Pancreatic Cancer Program, Department of Surgery, Medical College of Wisconsin, Milwaukee, WI.
Pancreatic Cancer Program, Department of Medicine, Division of Hematology Oncology, Medical College of Wisconsin, Milwaukee, WI.
Surgery. 2019 Sep;166(3):277-285. doi: 10.1016/j.surg.2019.05.010. Epub 2019 Jul 2.
It is difficult to successfully deliver multimodality therapy to patients with operable pancreatic cancer. Data on the natural history of such efforts are necessary for physicians to guide shared decision-making with patients and families. We report the survival of consecutive patients with borderline resectable pancreatic cancer who received neoadjuvant therapy before surgery.
Data regarding demographics, neoadjuvant therapy, surgery, pathology, and survival duration were abstracted on consecutive patients with borderline resectable pancreatic cancer diagnosed between 2009 and 2017 and not treated on available clinical trials. Borderline resectable pancreatic cancer was defined based on ≥1 of the following: local tumor anatomy, pretreatment serum carbohydrate antigen 19-9 >2,000 U/mL, and the presence of radiographic lesions indeterminate for metastases.
Neoadjuvant therapy was delivered to 185 patients with borderline resectable pancreatic cancer who were not enrolled in competing clinical trials; 13 (7%) patients received chemoradiation, 12 (7%) received chemotherapy, and 160 (86%) received both. Of the 185 patients, 115 (62%) completed all intended neoadjuvant therapy and surgery; 81 (70%) of 115 underwent pancreaticoduodenectomy; and vascular reconstruction was performed in 51 (44%). A margin negative resection was achieved in 111 (97%) of 115 patients, and 83 (72%) were node negative.
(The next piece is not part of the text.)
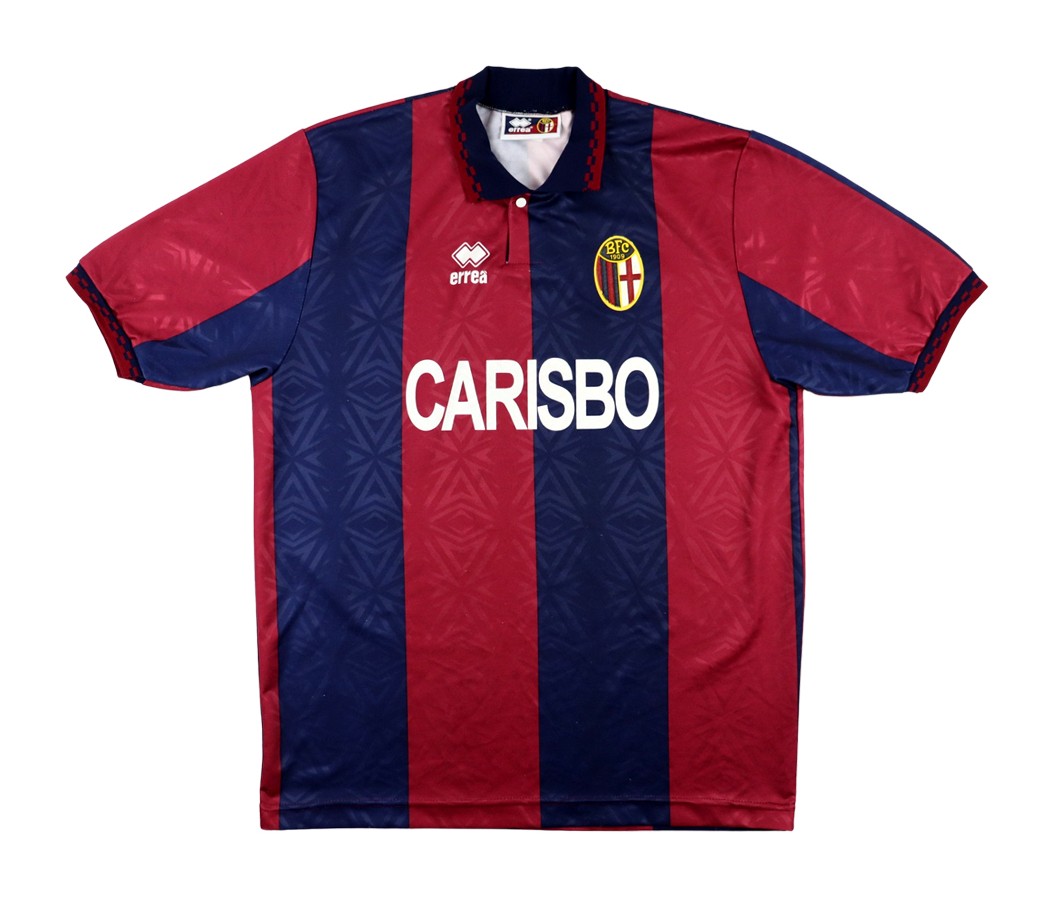 Bologna FC 1994-95 Home Kit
Median overall survival for all 185 patients was 20 months; 31 months for the 115 patients who completed all neoadjuvant therapy and surgery as compared to 13 months for the 70 patients who were not resected (P < .0001).
After neoadjuvant therapy, surgical resection was performed in 62% of patients with borderline resectable pancreatic cancer. Those who normalized preoperative serum carbohydrate antigen 19-9 and had node negative pathology achieved the longest survival. To further improve median survival for all patients, we are incorporating adaptive approaches to neoadjuvant therapy sequencing based on objective assessments of response.
对于可手术的胰腺癌患者,成功实施多模式治疗具有一定难度。此类治疗的自然史数据对于医生与患者及家属共同做出决策具有重要指导意义。我们报告了连续接受新辅助治疗后再行手术的边界可切除胰腺癌患者的生存情况。
我们对 2009 年至 2017 年间连续诊断为边界可切除胰腺癌且未参加临床试验的患者进行了新辅助治疗、手术、病理和生存时间的回顾性研究。边界可切除胰腺癌的定义为:存在以下 1 项或多项局部肿瘤解剖学特征、术前血清碳水化合物抗原 19-9 >2000 U/ml 和影像学检查显示存在无法确定转移的病变。
185 例未参加竞争性临床试验的边界可切除胰腺癌患者接受了新辅助治疗;其中 13 例(7%)患者接受了放化疗,12 例(7%)患者接受了化疗,160 例(86%)患者同时接受了化疗和放疗。185 例患者中,115 例(62%)完成了所有计划的新辅助治疗和手术;其中 81 例(70%)接受了胰十二指肠切除术,51 例(44%)进行了血管重建。115 例患者中有 111 例(97%)获得了阴性切缘,83 例(72%)患者的淋巴结阴性。185 例患者的中位总生存期为 20 个月;与未接受手术的 70 例患者相比,115 例完成所有新辅助治疗和手术的患者的中位总生存期为 31 个月(P<0.0001)。
在接受新辅助治疗后,62%的边界可切除胰腺癌患者接受了手术切除。那些术前血清碳水化合物抗原 19-9 正常且淋巴结阴性的患者生存时间最长。为了进一步提高所有患者的中位生存期,我们正在根据客观评估的反应,将新辅助治疗方案的顺序纳入适应性方法。